The common thought was that players would have to transition their college game of shotgun, pistol, and spread offenses to playing under center. But now, everything is backwards. Coaches are adapting their offenses to use their younger players’ strength, or in the case of the Broncos and Patriots, their veteran’s knowledge.

The innovative thinkers in college have begun to remold those coaches that get stuck inside the box in the pro league. When offenses have three viable running backs that all do different things for their offense (and a quarterback that runs as well as a running back), match up problems for a defense become very real. Imagine if Cam Newton, New Orleans’ running back Darren Sproles, and Green Bay’s fullback Jim Kuhn were all put in the same backfield. I know I would consider running the triple option at least ten times a game.
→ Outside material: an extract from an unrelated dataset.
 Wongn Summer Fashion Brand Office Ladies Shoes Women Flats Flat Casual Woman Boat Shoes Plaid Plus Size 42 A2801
The truth is that the change of pace requires defenses to always be on their toes. It keeps them honest in the pass rush when RG3 operates the zone read to perfection with running back Alfred Morris. It makes defenses study 49ers Coach Jim Harbaugh’s play-calling tendencies when he has Kaepernick in at quarterback. So while these players transition into the NFL game, there is no sense in leaving behind their strength. Even if every unconventional play or formation isn’t successful, it keeps the defense wondering: when will Cam Newton and Jonathan Stewart run the option? Who is my assignment during that play? Then Newton bombs it to his wide receiver Steve Smith.

But that doesn’t answer the question as to why a bunch of old farts with back and shoulder problems are running something called the hurry up. The hurry up in the college game, among many other reasons, prevents the defense from making substitutions and shortens time for play calls. In the NFL, with many teams operating in a 3-4 the often also use sub-packages, defenses that are tapered to particular looks that the offenses give. If New England and Denver run their hurry up, teams don’t have time to hustle their sub-packages on and off the field. As a result, the brilliant football minds of Brady and Manning get to pick apart very similar defensive looks for most of the drive. They maintain their calm and cool decision-making, despite the game speed increasing wildly. The hurry up with Brady and Manning is more of a “hurry-up and wait.” They hustle to the line, forcing the defense to get set, then they make their adjustments, as they are already a step ahead of the defense.

While the hurry up will likely live on, I wonder how much longer RG3 will continue to run the zone read, considering the concussion he suffered last week. I expect that concussion will incite hesitancy in other quarterback run-oriented offenses. We must not forget that quarterbacks are quite valuable, in terms of money and importance.